## Input material
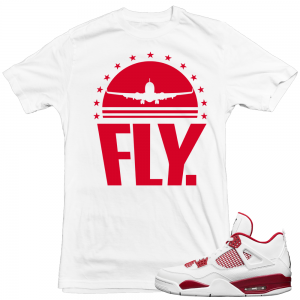 Air Jordan 4 Alternate 89 Sneakers match 'FLY Rare Air' t shirt| White T shirt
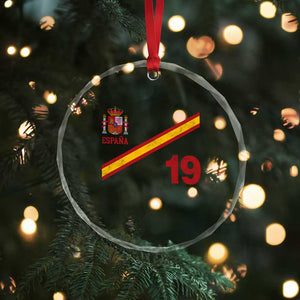 Espana Spain Football Crystal Glass Ornament Spanish Flag Stripes Number 19 Athletic Soccer National Pride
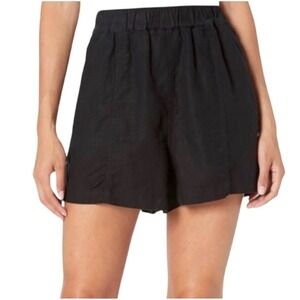 Madwell Linen Lyocell Blend Pull On Shorts Black XXS Elastic Waist CKP454130631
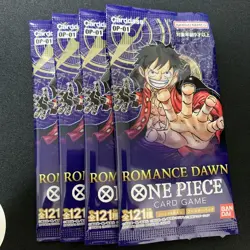 ONE PIECE ROMANCE DAWN OP-01 booster pack x 4 card game anime Eiichiro Oda Luffy - Image 1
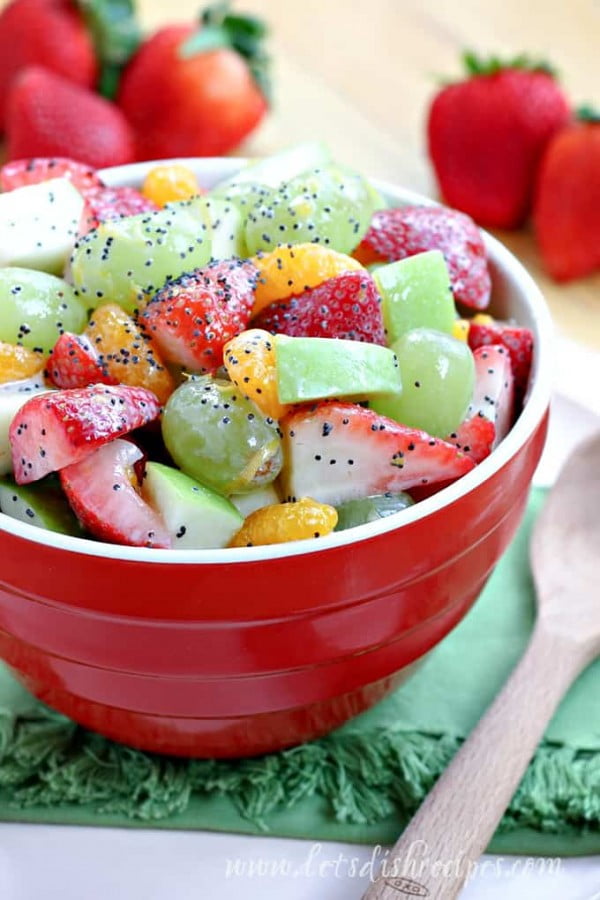 Fresh Fruit Salad with Honey Poppy Seed Dressing | Let's Dish Recipes #fruit #dessert #food #recipe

## What you will do
Print the data above exactly; drop every picture.

## Solution to this exercise
 Air Jordan 4 Alternate 89 Sneakers match 'FLY Rare Air' t shirt| White T shirt
 Espana Spain Football Crystal Glass Ornament Spanish Flag Stripes Number 19 Athletic Soccer National Pride
 Madwell Linen Lyocell Blend Pull On Shorts Black XXS Elastic Waist CKP454130631
 ONE PIECE ROMANCE DAWN OP-01 booster pack x 4 card game anime Eiichiro Oda Luffy - Image 1
 Fresh Fruit Salad with Honey Poppy Seed Dressing | Let's Dish Recipes #fruit #dessert #food #recipe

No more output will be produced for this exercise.